North Korea has said relations between its leader Kim Jong Un and President Donald Trump are “not bad”, signalling potential willingness to enter into talks with the new US administration for the first time.
Kim’s sister Kim Yo Jong, a senior regime official, said a resumption of dialogue with Washington was possible, adding that the “personal relationship between our head of state and the present US president is not bad”, North Korean state media reported on Tuesday.
But she insisted any US attempt to persuade her country to give up its nuclear weapons would be regarded as “nothing but a mockery”, highlighting North Korea’s growing military strength and closer ties with Russia.

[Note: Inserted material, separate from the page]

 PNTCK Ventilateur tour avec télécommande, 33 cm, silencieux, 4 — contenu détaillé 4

“The recognition of the irreversible position of [North Korea] as a nuclear weapons state and the hard fact that its capabilities and geopolitical environment have radically changed should be a prerequisite for predicting and thinking about everything in the future,” Kim Yo Jong said, according to North Korea’s state news agency.
Trump, who met Kim Jong Un on three occasions during his first term as president, claimed in March that his administration was in “communication” with Pyongyang. He also described North Korea as a “big nuclear nation” and praised Kim as a “very smart guy”.

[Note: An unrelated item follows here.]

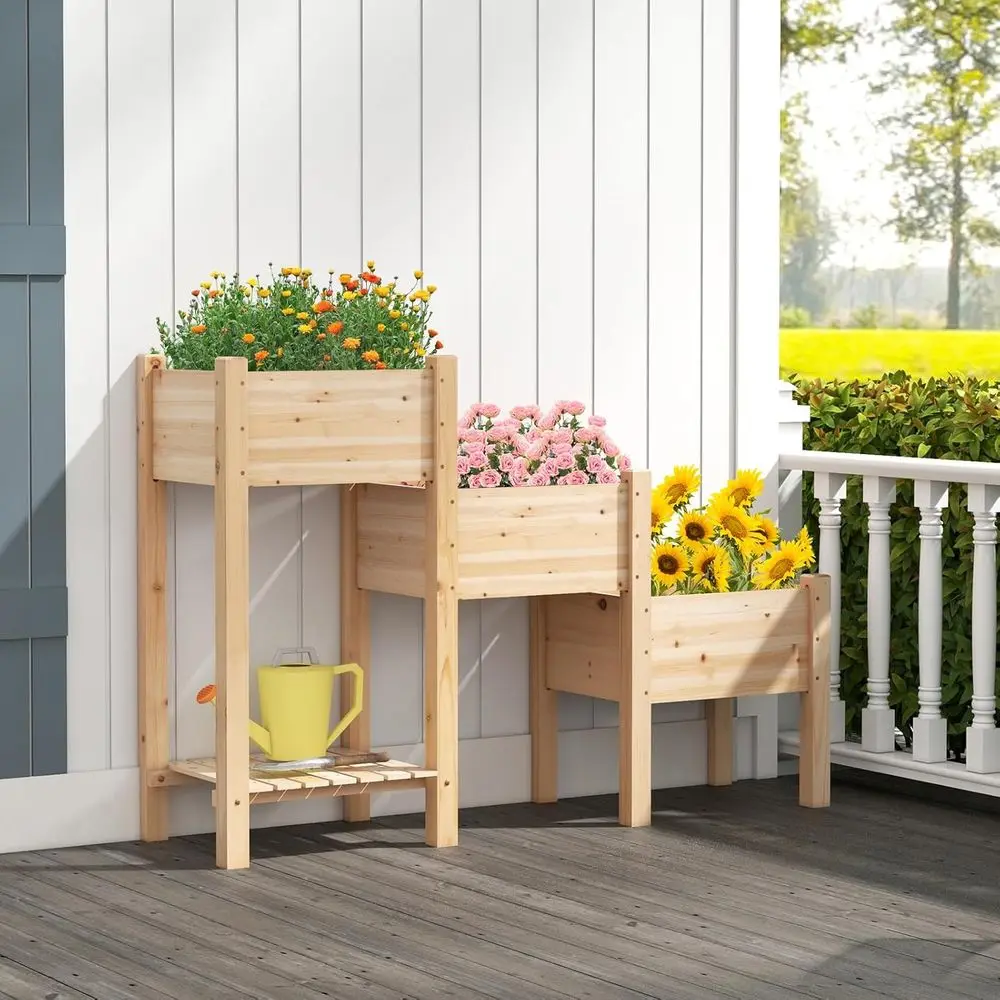 3-Tier Wooden Raised Garden Be - đánh giá và giá Raised Bed Planter Box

But Pyongyang appeared to ignore Trump’s overtures. Analysts noted that Kim had left a summit with Trump in Hanoi in 2019 bitterly disappointed following the collapse of negotiations.
North Korea is now far less isolated than it was during Trump’s first term as a result of worsening US-China relations and Pyongyang’s own deepening relationship with Moscow in the wake of Russia’s full-scale invasion of Ukraine.
Jeongmin Kim, executive director of Seoul-based information service Korea Risk Group, said that despite North Korea’s stronger military and diplomatic position, the prospect of even tacit US recognition of its right to possess nuclear weapons remained a tantalising reward.